Two, yes, two Royal Navy vessels operating side-by-side in waters off the remote South Atlantic island chain.

Two, yes, two Royal Navy vessels operating side-by-side in waters off the remote South Atlantic island chain.

Standing out sharply against the snowy, rocky backdrop, icebreaker HMS Protector.

And blending in rather better with her surroundings thanks to her WW1 throwback ‘dazzle paint’ livery, patrol ship HMS Forth.

Although the two ships are frequently found south of the Equator, they seldom meet, and almost never work together.

Forth focuses around the Falklands, and Protector mostly around the Antarctic Peninsula.

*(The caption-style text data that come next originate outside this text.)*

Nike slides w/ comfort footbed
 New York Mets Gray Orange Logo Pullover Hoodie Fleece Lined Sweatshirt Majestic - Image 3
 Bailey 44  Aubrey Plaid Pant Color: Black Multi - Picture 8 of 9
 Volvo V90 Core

Except on this rare encounter in South Georgia… as Forth conducted one of her longer-range patrols coinciding with Protector on her second and final work period of the austral summer.

HMS Protector performed her primary duty: surveying operations to update maritime charts (South Georgia is increasingly visited by cruise ships due to its stunning vistas and rich wildlife on the Antarctic), using her Multibeam Echo Sounder to scoop up data from more than 1,500 nautical miles of the southern ocean.

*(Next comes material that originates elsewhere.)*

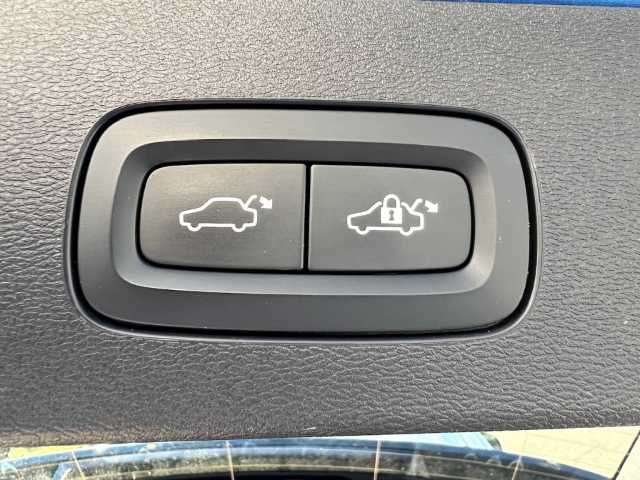 Volvo  V60 Recharge R-Design, T6 AWD Plug-in Hybrid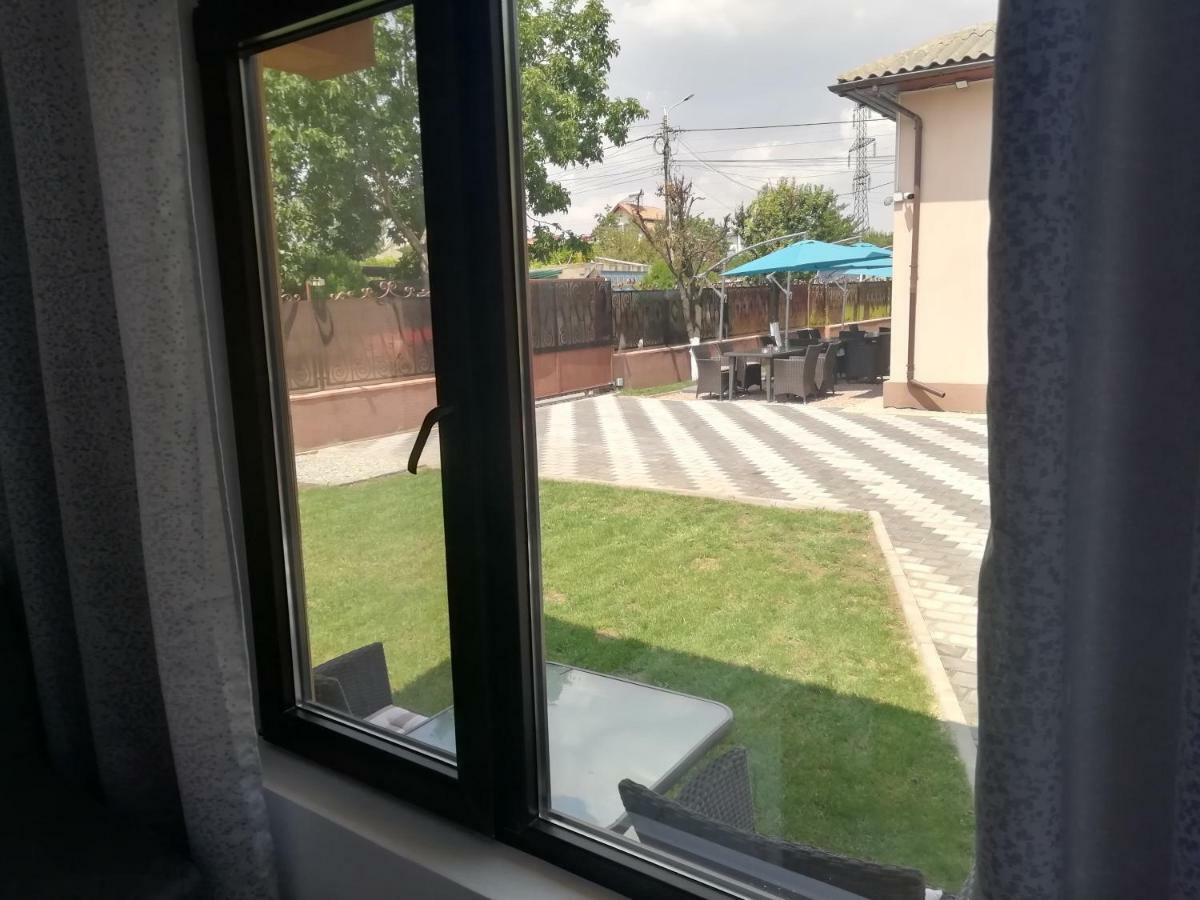 Casa Marronne Hotel Костинещи Екстериор снимка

It has been very rewarding to assist with the Royal Navy’s environmental custodianship in the South Atlantic.

Lieutenant Commander James Robey

Forth has been working with scientists monitoring the spread of avian influenza – South Georgia’s bird life is particularly rich and the disease has reached these parts but thankfully it’s not yet widespread.

Both ships operated in demanding environmental conditions, having to navigate around icebergs – even in the austral summer.

However the rewards were reaped by both crews as they got to witness first-hand the magnificent wildlife and scenery of South Georgia.

 “It has been very rewarding to assist with the Royal Navy’s environmental custodianship in the South Atlantic,” said Lieutenant Commander James Robey, HMS Forth’s Executive Officer.

“We are very proud of our achievements in some tough conditions and have proved that with good planning and a bit of perseverance we can still achieve the mission.”